Trainer Clayton Chipperfield will rely on natural improvement and some weight relief rather than tinker with the gear worn by Catalyst (NZ) as he attempts to reverse the result of last Saturday’s thrilling Group 3 C.S. Hayes Stakes (1400m) in a rematch with Alligator Blood in two weeks at Flemington.
Catalyst is unbeaten in blinkers – stringing together five wins with the headgear last year – but Chipperfield said on Monday that he believes his horse does not need the shades to produce a peak performance and turn the tables on the Queensland horse in the $750,000 Group 1 Australian Guineas (1600m) on February 29.
"It’s probably better we don’t put them on because if it ends up another dogfight like that, we’d like for Catalyst to be able to see what’s right beside him," Chipperfield told RSN 927’s Racing Pulse.
"To beaten a half head by an absolute superstar gives us more confidence going into the mile.
"To be off the bridle and have a dogfight for so long and for neither horse to give up was phenomenal to watch and the feedback we are getting is unbelievable. "We are going to see a different horse going into the mile race at even weights that’s for sure."
Catalyst (NZ) (left) and Alligator Blood, picture Quentinjlang.com
Catalyst fell just a few centimetres short of reeling in Alligator Blood but Chipperfield said his horse carried a kilogram more than his rival at the set weights and penalty scale and would benefit so much from his first start in Australia.
"I left the racecourse thinking we’d won," he said.
"I was absolutely chuffed with his effort. We used that race to really answer any questions as to whether he can be competitive.
"There’s improvement there for sure. He’s looking for a mile. He needed that first-up run at Ellerslie as he had a good blow and he also had a healthy blow on Saturday as well, although he did pull up very good.
"Nothing really phases him. I don’t think the big crowd and the big track was too much of an issue. Going back to Flemington (for the Guineas) will be an advantage of course but I just want to get to that mile race as that’s the race we’ve set him for."
Jockey James McDonald pulled something of a surprise early in last Saturday’s 1400-metre race when he positioned the horse forward and outside of the leader and hot favourite Alligator Blood.

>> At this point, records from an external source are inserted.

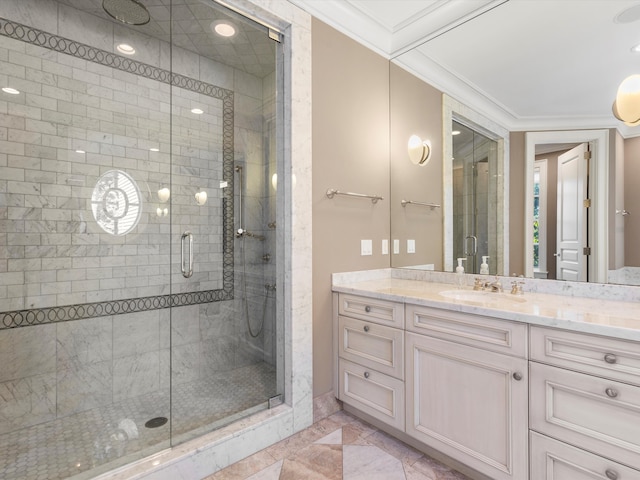 bathroom with vanity, a shower with door, and crown molding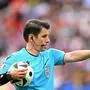 Turkish referee Umut Meler gestures  during the UEFA Euro 2024 Group E football match between Belgium and Slovakia at the Frankfurt Arena in Frankfurt am Main on June 17, 2024. (Photo by Kirill KUDRYAVTSEV / AFP)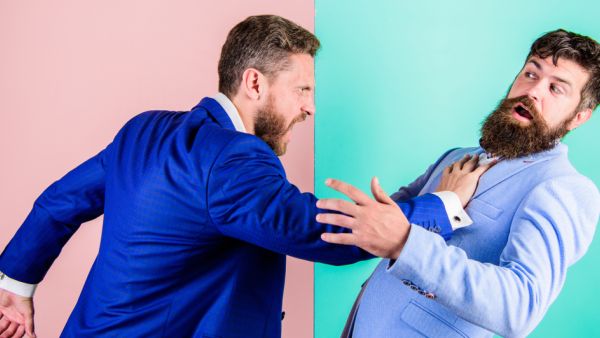 Business partners competitors office colleagues tense faces conflict situation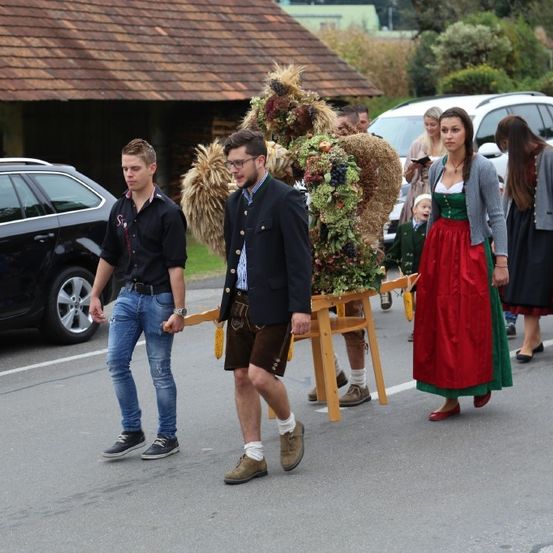 Menschen gehen die Straße entlang, darunter zwei Männer und zwei Frauen in traditioneller bayerischer Tracht. Eine Löwenstatue wird auf einer Holzplattform getragen.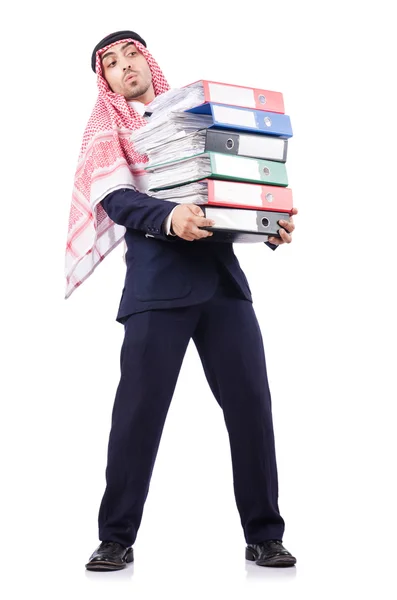 Uomo d'affari arabo con molte cartelle su bianco — Foto Stock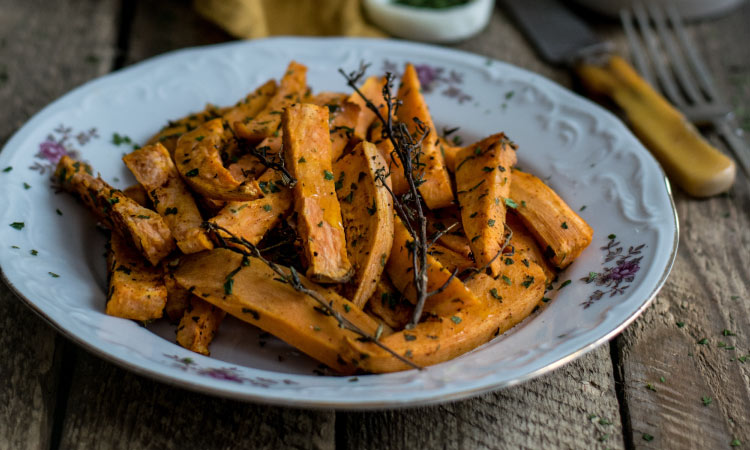 Closeup of a bowl of baked sweet potatoes slices topped with herbs for Thanksgiving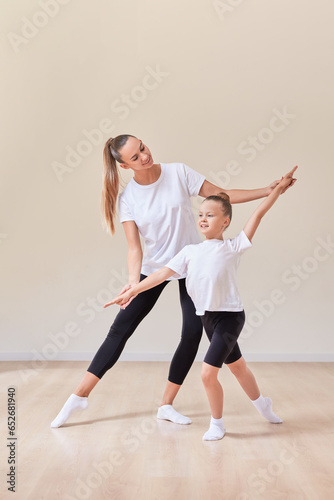 Beautiful woman teacher and a little girl perform dance movements in a bright studio. The concept of education, dance, sports, Pilates, stretching, healthy lifestyle.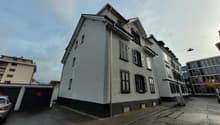 3 story building, gray exterior, multiple windows, two garages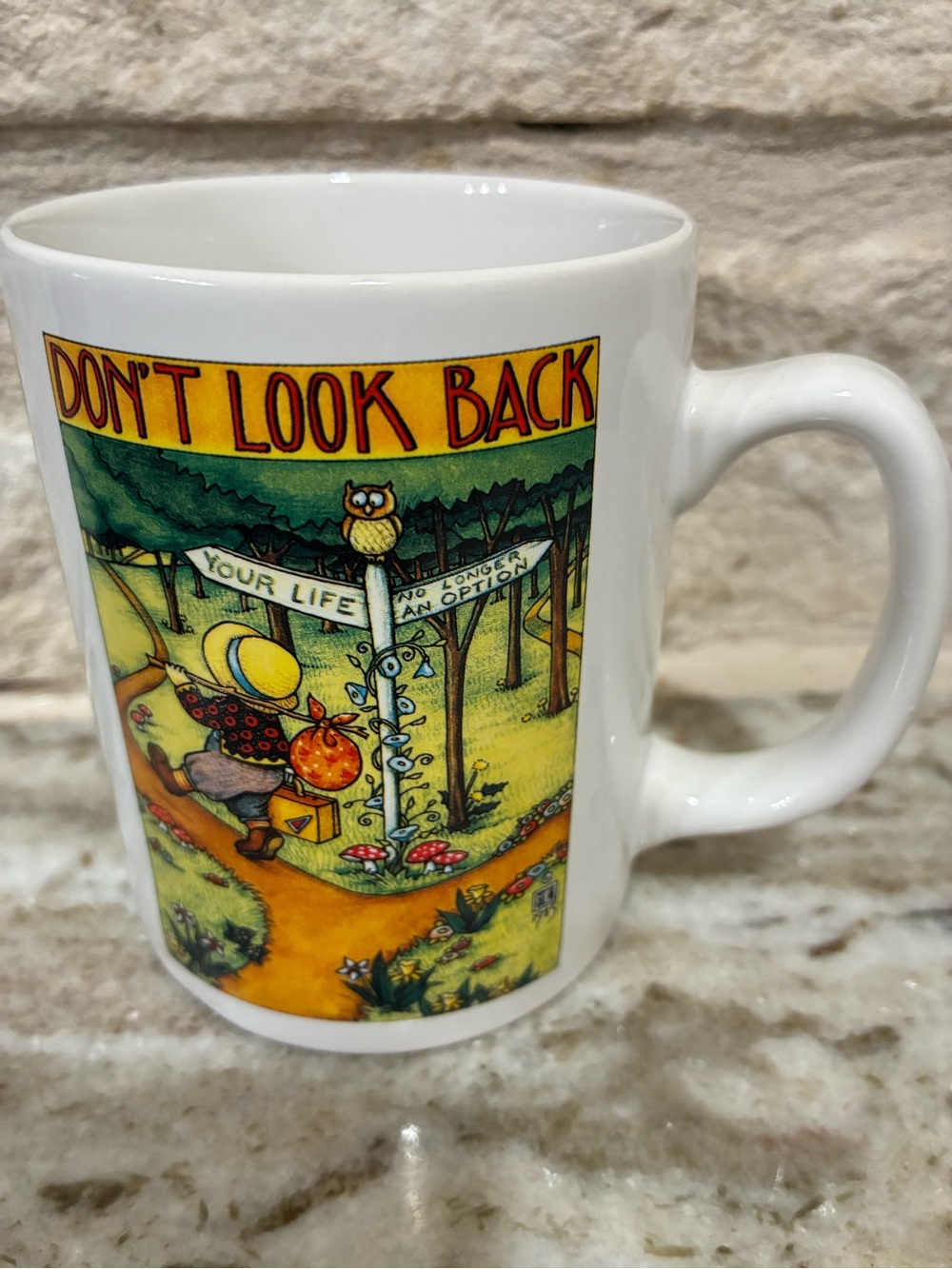 Mary Engelbreit Don't Look Back White Ceramic Mug with Colorful Illustration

Chipperfield explained the results in the first few races on the day dictated a change in tactics.
"A few days leading into the race we thought we’d go back from that barrier draw and try and slingshot him (Alligator Blood) but the first three races on the day were on-pace (winners) so we changed our plans pretty quickly," he said.
"We thought we can’t let Alligator Blood get too far away from us because we will not catch him. What he did (jump and go forward) was great to see.
"I didn’t think he would do that because he’s been pretty slow out over here, but he put himself right in the race and didn’t have to do a lot to get there and have Alligator Blood in his view the whole way."